%%

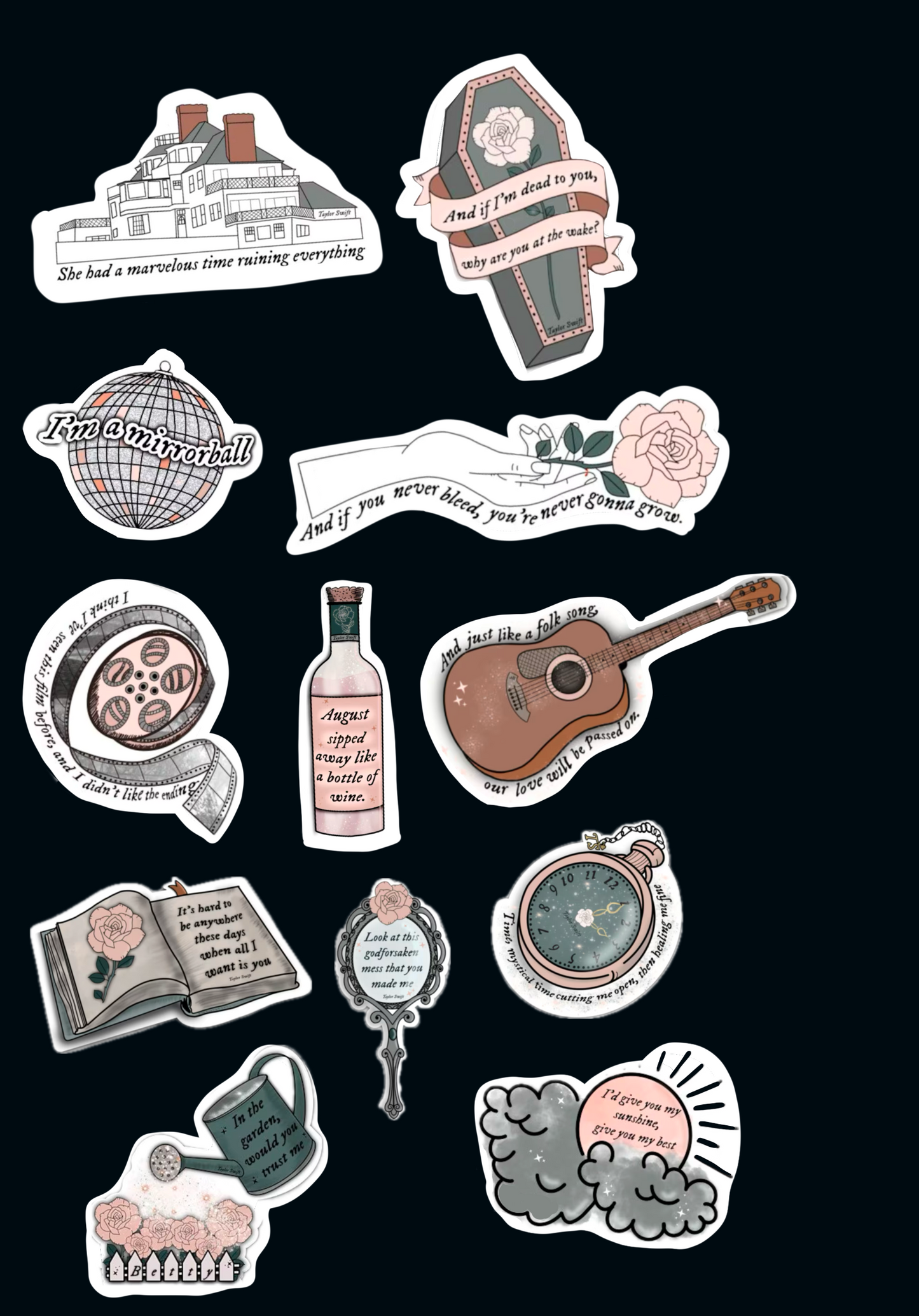 Swiftie Stickers (all eras)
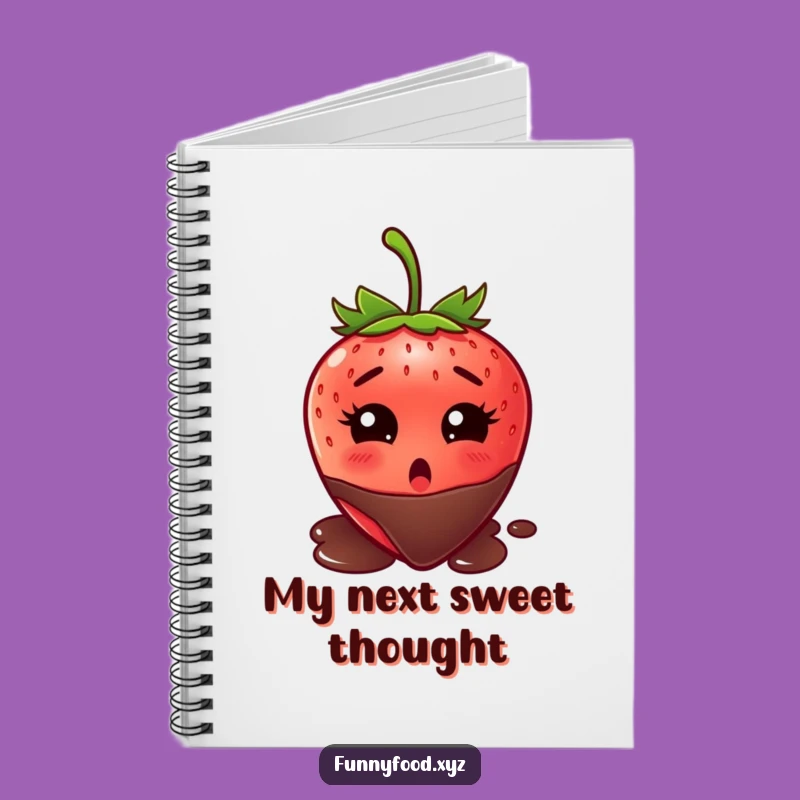 Funny Strawberry Chocolate Surprise Notebook - Hilarious Journal for Ideas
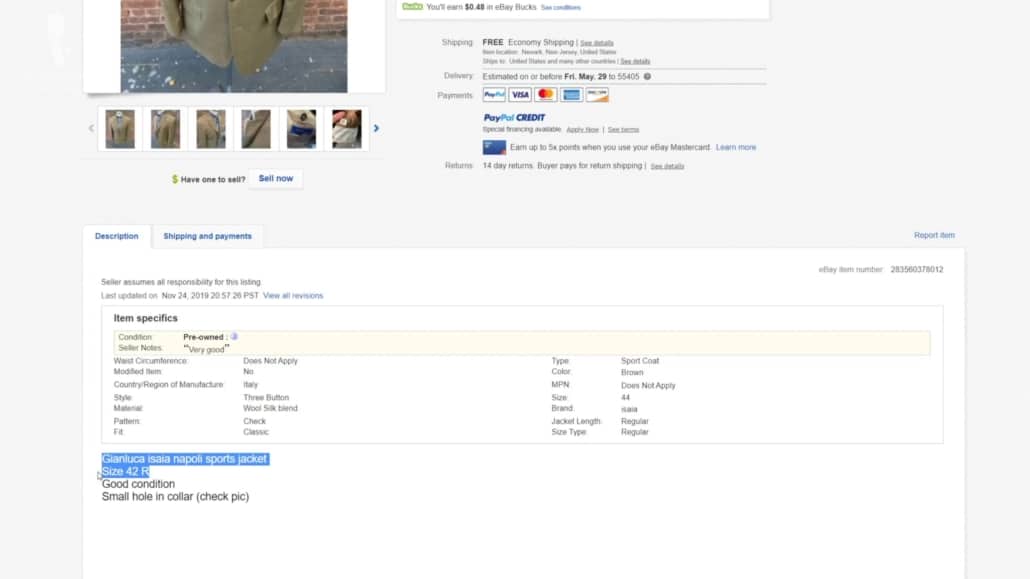 Listing No Measurements If a listing does provide measurements, compare it to your own but keep in mind that it will not always be accurate.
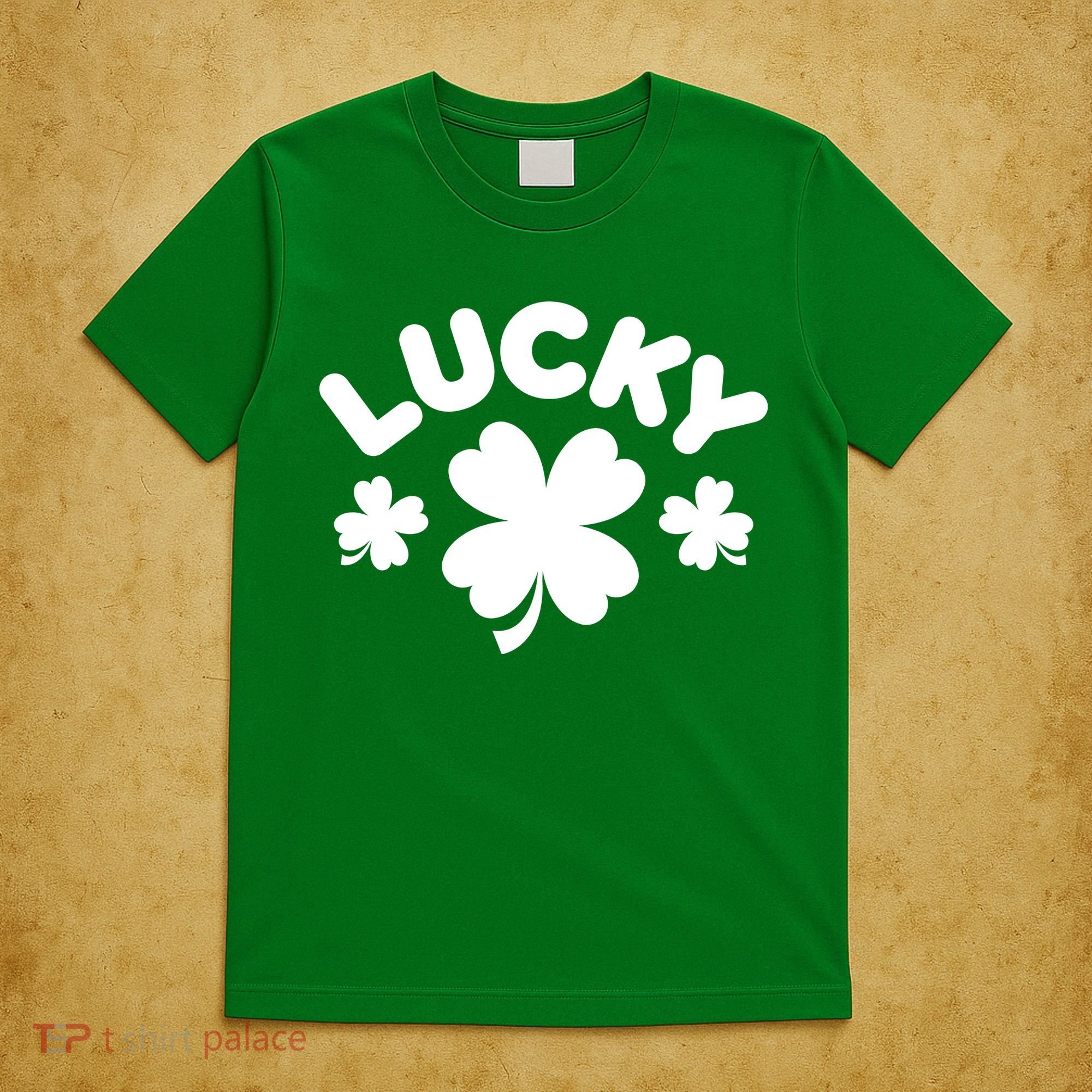 Lucky St Patricks Day Clover Festive T-Shirt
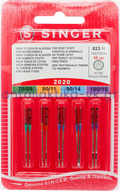 SINGER sewing machine needles set of 10 pieces (2 pcs. From all numbers) 823R ORIGINAL UNIVERSAL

%%

Try it: Make an exact copy of the listing above, omitting the pictures.

Solved problem:
 Swiftie Stickers (all eras)
 Funny Strawberry Chocolate Surprise Notebook - Hilarious Journal for Ideas
 Listing No Measurements If a listing does provide measurements, compare it to your own but keep in mind that it will not always be accurate.
 Lucky St Patricks Day Clover Festive T-Shirt
 SINGER sewing machine needles set of 10 pieces (2 pcs. From all numbers) 823R ORIGINAL UNIVERSAL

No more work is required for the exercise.